If you could speak to Martin directly, what would you say?
I hope we can separate ways without things getting any uglier than it is now.
UPDATE (September 23): Collect Records and Geoff Rickly have released a statement, severing ties with Martin Shkreli. Read below:
Today, Collect Records — with the support and encouragement of all of our artists — have agreed to fully sever our relationship with Martin Shkreli, effective immediately.

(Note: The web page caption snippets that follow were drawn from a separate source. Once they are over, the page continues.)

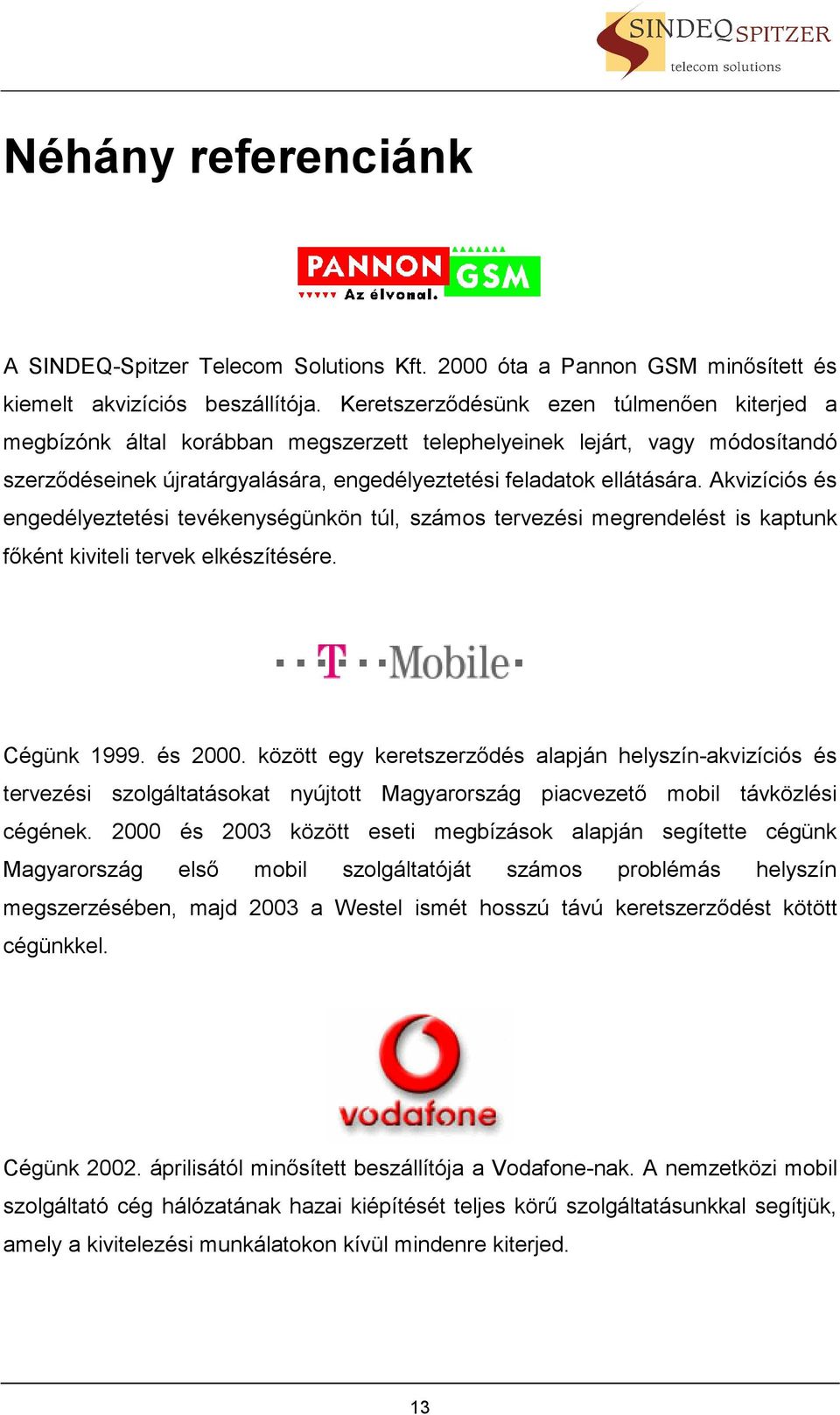 Akvizíciós és engedélyeztetési tevékenységünkön túl, számos tervezési megrendelést is kaptunk főként kiviteli tervek elkészítésére. Cégünk 1999. és 2000.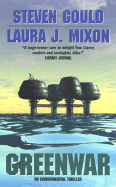 Greenwar - Gould, Steven, and Mixon, Laura J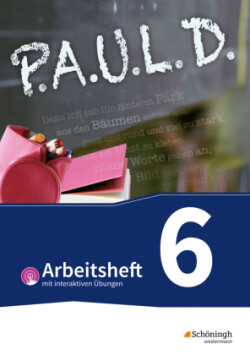 P.A.U.L. D. - Persönliches Arbeits- und Lesebuch Deutsch - Für Gymnasien und Gesamtschulen - Bisherige Ausgabe, m. 1 Beilage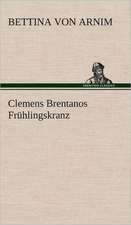 Clemens Brentanos Fruhlingskranz: Light on Dark Corners a Complete Sexual Science and a Guide to Purity and Physical Manhood, Advice to Maiden, Wife, an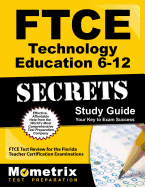 FTCE Technology Education 6-12 Secrets Study Guide: FTCE Test Review for the Florida Teacher Certification Examinations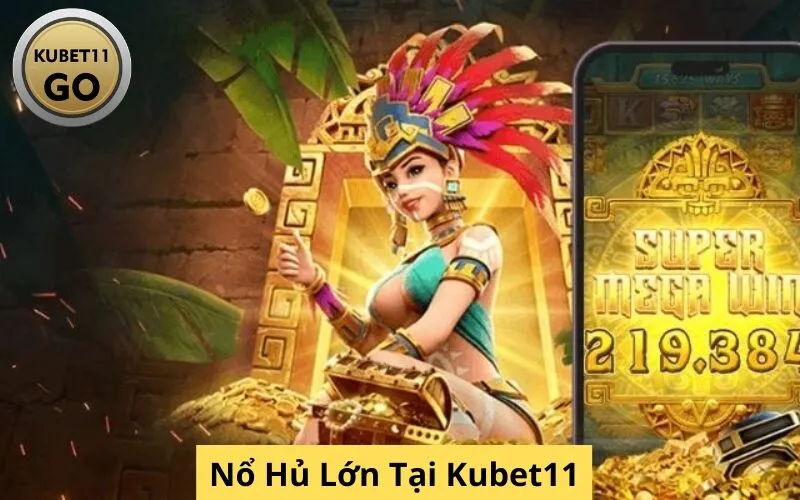 Nổ Hủ Lớn Tại Kubet11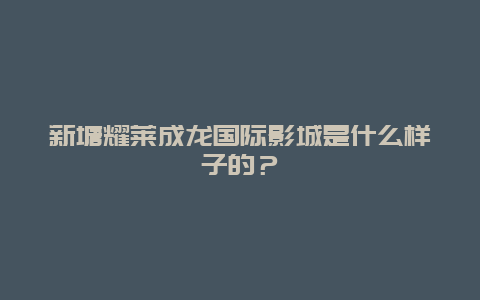 新塘耀萊成龍國際影城是什么樣子的？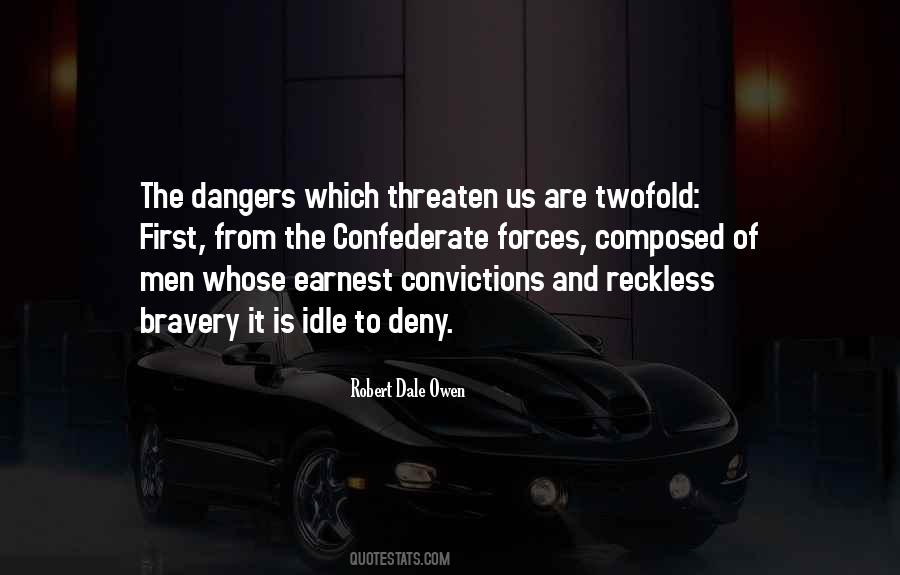 Quotes About Dangers Of #458862 Quotes About Dangers Of #458862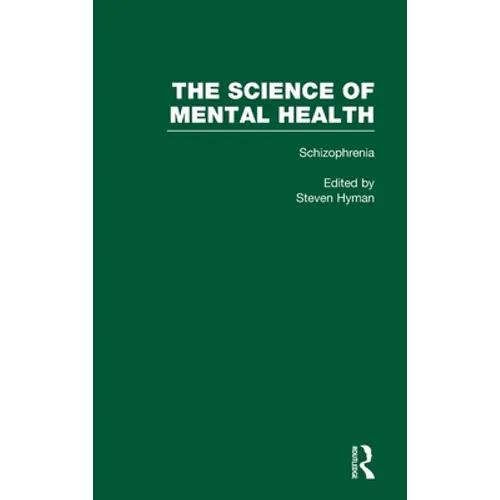 Schizophrenia: The Science of Mental Health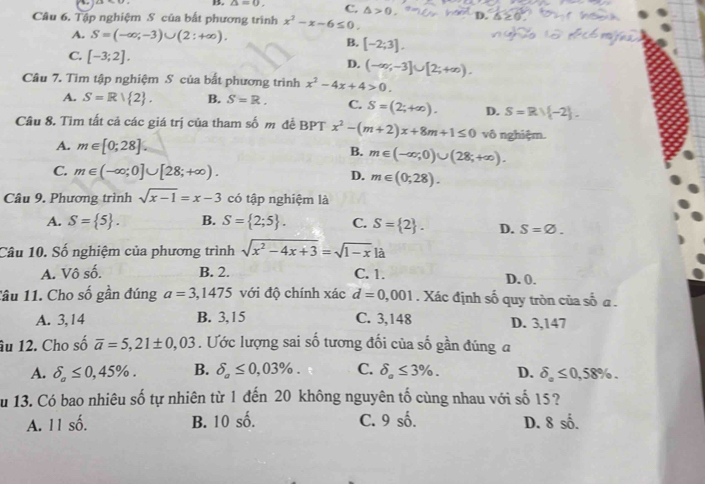 ∠ 1=0 C. △ >0 D.
Câu 6. Tập nghiệm S của bắt phương trình x^2-x-6≤ 0.
A. S=(-∈fty ;-3)∪ (2:+∈fty ). B. [-2;3].
C. [-3;2].
D. (-∈fty ,-3]∪ [2;+∈fty ).
Câu 7. Tìm tập nghiệm S của bất phương trình x^2-4x+4>0.
A. S=R| 2 . S=R. C. S=(2;+∈fty ). D. S=Rvee  -2 .
Câu 8. Tìm tất cả các giá trị của tham số m để BPT x^2-(m+2)x+8m+1≤ 0 vô nghiệm.
A. m∈ [0;28]. B. m∈ (-∈fty ,0)∪ (28;+∈fty ).
C. m∈ (-∈fty ;0]∪ [28;+∈fty ). D. m∈ (0,28).
Câu 9. Phương trình sqrt(x-1)=x-3 có tập nghiệm là
A. S= 5 . B. S= 2;5 . C. S= 2 . D. S=varnothing .
Câu 10. Số nghiệm của phương trình sqrt(x^2-4x+3)=sqrt(1-x) là
A. Vô số. B. 2. C. 1.
Tâu 11. Cho số gần đúng a=3 ,1475 với độ chính xác d=0,001. Xác định số quy tròn của số a .
A. 3,14 B. 3,15 C. 3,148 D. 3,147
âu 12. Cho số overline a=5,21± 0,03. Ước lượng sai số tương đối của số gần đúng a
A. delta _a≤ 0,45% . B. delta _a≤ 0,03% . C. delta _a≤ 3% . D. delta _a≤ 0,58% .
u 13. Có bao nhiêu số tự nhiên từ 1 đến 20 không nguyên tố cùng nhau với số 15 ?
A. 11 số. B. 10 số. C. 9 số. D. 8 số.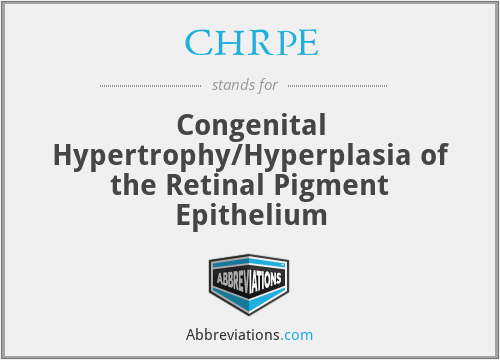 CHRPE - Congenital Hypertrophy/Hyperplasia of the Retinal Pigment Epithelium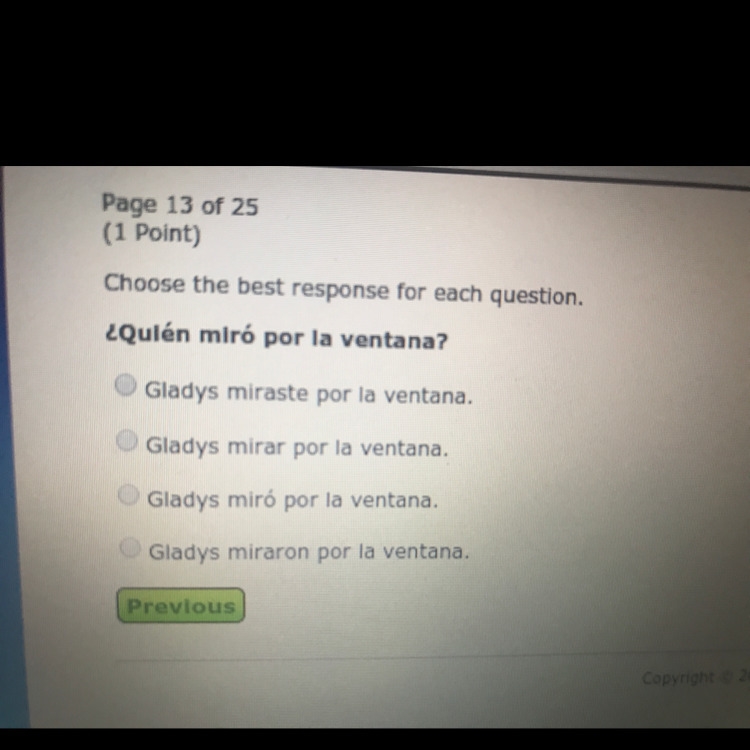 Choose the best response for each question. ¿quién miró por la ventana?-example-1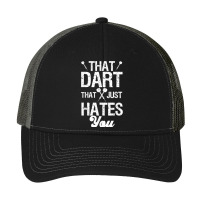 Dart Dartboard That Dart That Just Hates You T Shirt Pa Trucker Cap | Artistshot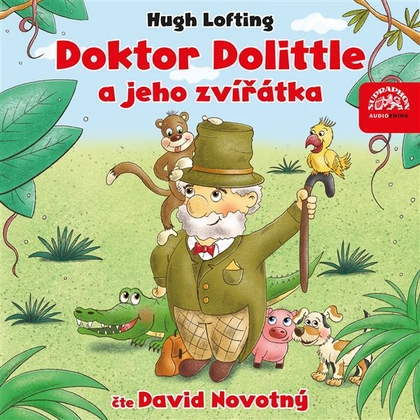 Audiokniha Doktor Dolittle a jeho zvířátka - David Novotný, Hugh Lofting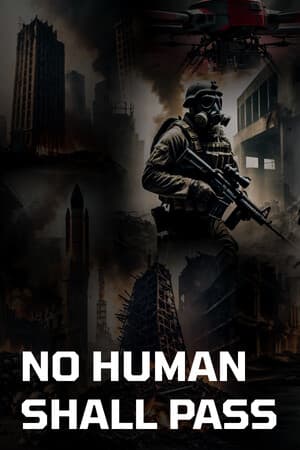 任何人不得通过[No Human Shall Pass] 游戏封面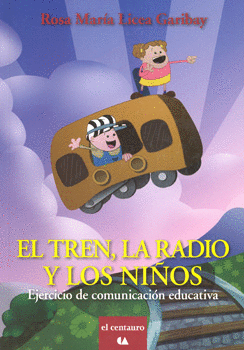 EL TREN LA RADIO Y LOS NIÑOS EJERCICIO DE COMUNICACIÓN EDUCATIVA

When I decided to get into business with Martin, we took him on as a patron. He was completely silent and allowed us to do business as we pleased. His only ask was that we sign bands that we believed could make great art given the right environment and not to focus on a profit, no matter how dire the bottom line.
Never in a million years did any of us expect to wake up to the news of the scandal that he is now involved in. It blindsided and upset us on every level. As such, we know it is impossible for us to continue having any ties with him. For my part, I've always strived to make Collect a place that was so liberal, encouraging, and artist-friendly that no one would ever walk away from us willingly, though to do so at any time would be very easy. To that end, I hope that our bands continue to believe in our guidance and passion. Any of them that have had an incurable crisis of confidence will be allowed to leave with nothing but the kind of encouragement that we've built our label on.
For all the kind words of encouragement that I've received over the past two days, I'm forever grateful.
From all here at Collect Records, thank you.